Been a musical week. Went to Norwich to see Hayseed Dixie. Again! And Robert came too to his first ever gig. Well at least the first that didn't stop halfway through for a raffle...

Had a leap about until I collapsed on the floor, breathless, hot, and sweaty. One bounce short of throwing up. Man, that was good fun.

Last night, we were back at Tibenham Greyhound for a music session. Sitting there wondering whether anyone would come. Couple came in, fiddle and mandocello. Then a couple more, guitar and autoharp. And yet more. Packed the small bar out. Julian arrived, and we squeezed some Skiffle out of him before he could sit down.

Oh, but for him, he wanted to hear an old song. An old song from Them Harvey Boys repertoire. Well, I've only written the one song ever, and I'd like to give you the lyrics now - but I can't. They were on a sticky note on my old Powermac 7100/66, long since wiped clean and pensioned off to a Linux user during the Last Great Brooks Cottage Cleanup of 2004.

I'm so glad I don't sing. With first line remembered, the "One Night Only" (again) Boys set off with a fair recollection version - a few missing words and lines along the way. Good fun though.
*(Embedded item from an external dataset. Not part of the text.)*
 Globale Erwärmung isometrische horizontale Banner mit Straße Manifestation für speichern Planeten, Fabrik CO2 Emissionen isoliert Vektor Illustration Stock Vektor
Yes. Fun. I was beginning to wonder where it had all gone. Seems it was just there all the time, waiting for me to rediscover it. Lovely.

Tuesday, April 17, 2007

Happiness and the journey to get there

It can sometimes seem a long way to happiness. But the hardest part of the journey is that first little step. And then having the confidence to take the right direction along the way - not always the easiest route.

I guess the trick is knowing when you've arrived. And staying there.

Tuesday, April 10, 2007

A Tale of Ten Counties

Or thereabouts. How to turn a one day event into an epic adventure.

'Twas a darkening evening as we loaded the Odeon Shag Sedan for the journey to Wheels Day on Good Friday. The Alice part of my family had gone to Whitby with a friend for the week. A very wise decision on her part for a nine year old - with Jenny, Char and Ryan added to Robert, tents, sleeping bags, blankets, tools, oil, water, air mattresses, coats, bags, cameras... room for just one more wafer thin girl, there was none!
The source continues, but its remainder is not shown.